▸ **Your assignment**: Repeat the data word for word and skip the pictures.

(Items from a dataset)
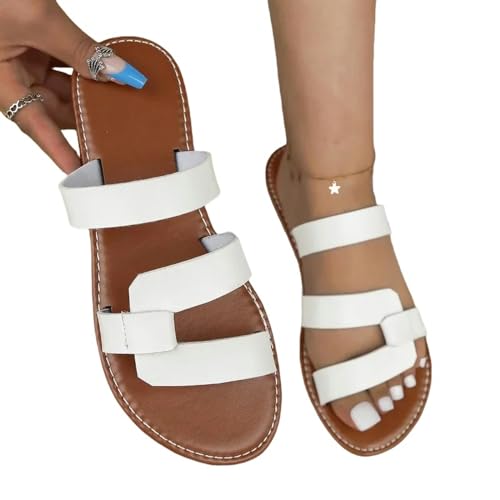 YDRABFLE Sandalen Für Damen Einfarbige Flache Sandalen Offene Zehe Outdoor Hausschuhe Strand Damenschuhe Plus Größe-Weiss-37 von YDRABFLE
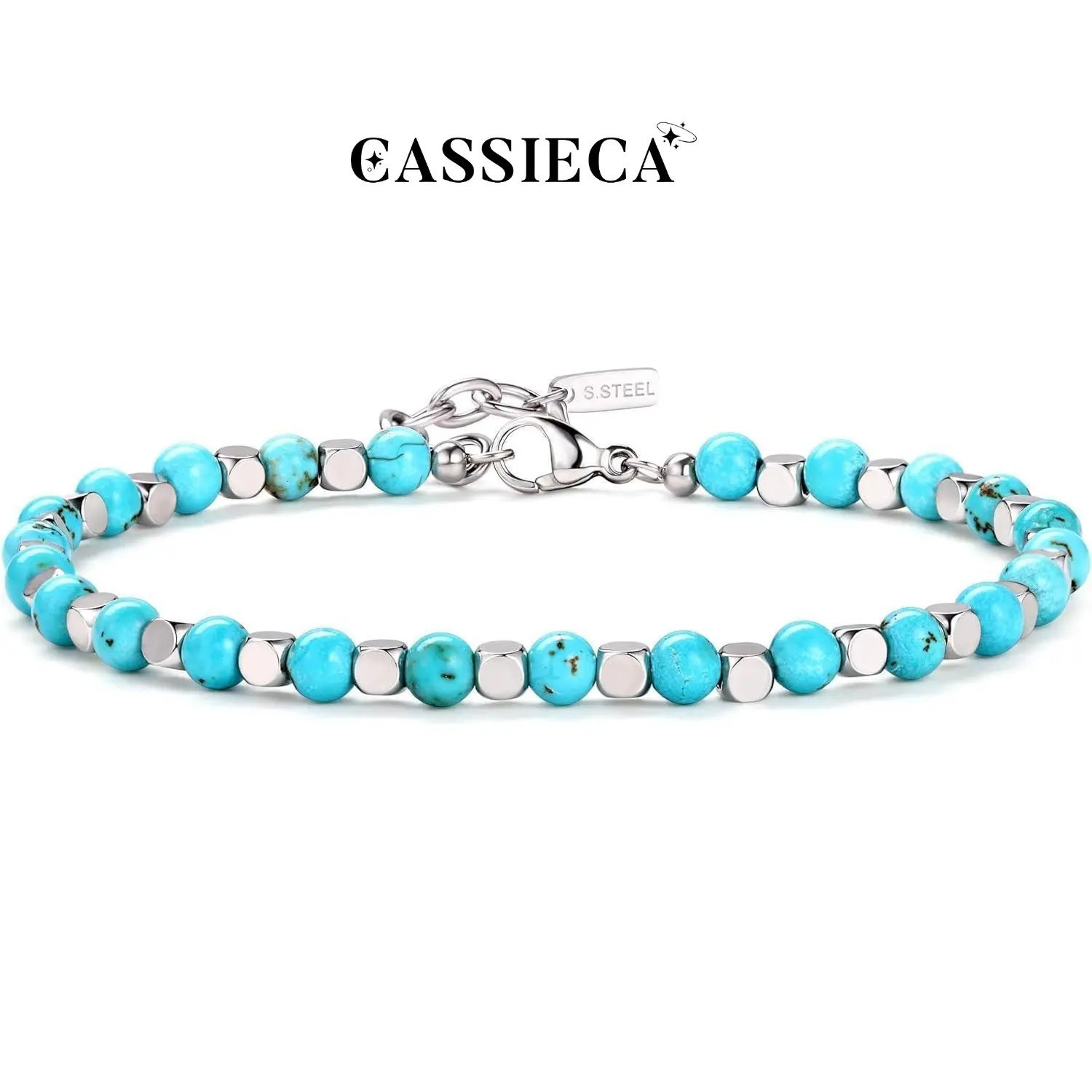 CASSIECA 4MM Beaded Bracelets for Men Women Stainless Steel Beads Bracelet Tiger's Eye Bracelet Handmade Bead Turquoise Bracelet Natural Stone Beaded Bracelets Accessories Gifts for Women Girlfriend SummerVibes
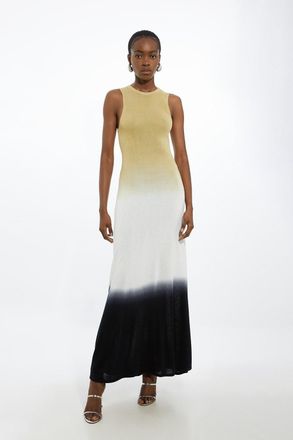 Karen Millen Premium Viscose Knit Ombre Maxi Dress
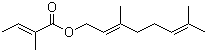 CAS # 7785-33-3, Geranyl tiglate, (E)-3,7-Dimethyl-2,6-octadienyl 2-methylcrotonate, (E,E)-2-Methyl-2-butenoic acid 3,7-dimethyl-2,6-octadienyl ester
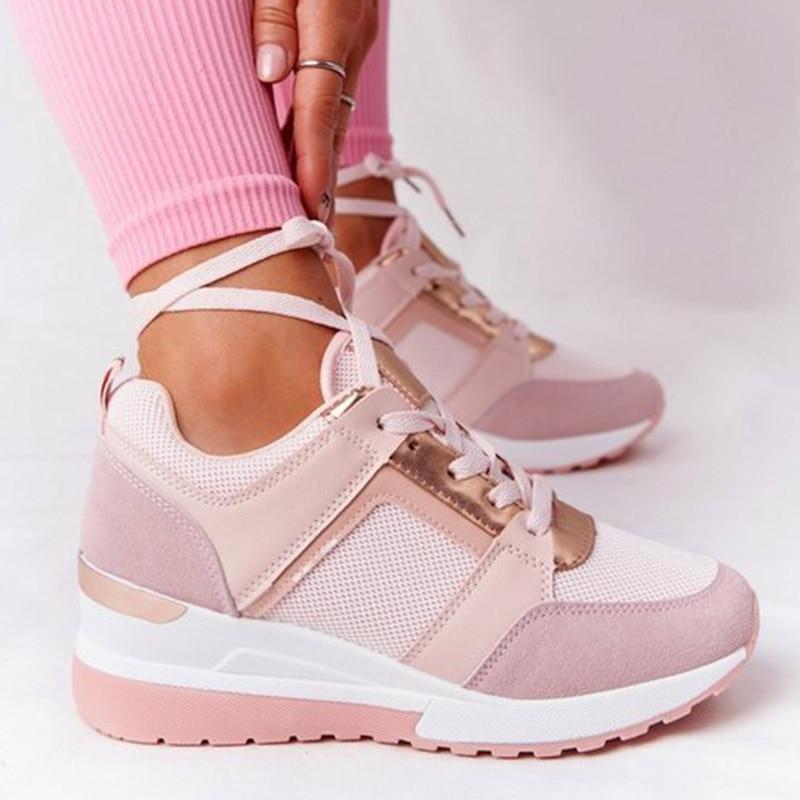 Platform Sneakers for Women with Breathable Mesh and Arch Support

▸ **Result for this task**:
 YDRABFLE Sandalen Für Damen Einfarbige Flache Sandalen Offene Zehe Outdoor Hausschuhe Strand Damenschuhe Plus Größe-Weiss-37 von YDRABFLE
 CASSIECA 4MM Beaded Bracelets for Men Women Stainless Steel Beads Bracelet Tiger's Eye Bracelet Handmade Bead Turquoise Bracelet Natural Stone Beaded Bracelets Accessories Gifts for Women Girlfriend SummerVibes
 Karen Millen Premium Viscose Knit Ombre Maxi Dress
 CAS # 7785-33-3, Geranyl tiglate, (E)-3,7-Dimethyl-2,6-octadienyl 2-methylcrotonate, (E,E)-2-Methyl-2-butenoic acid 3,7-dimethyl-2,6-octadienyl ester
 Platform Sneakers for Women with Breathable Mesh and Arch Support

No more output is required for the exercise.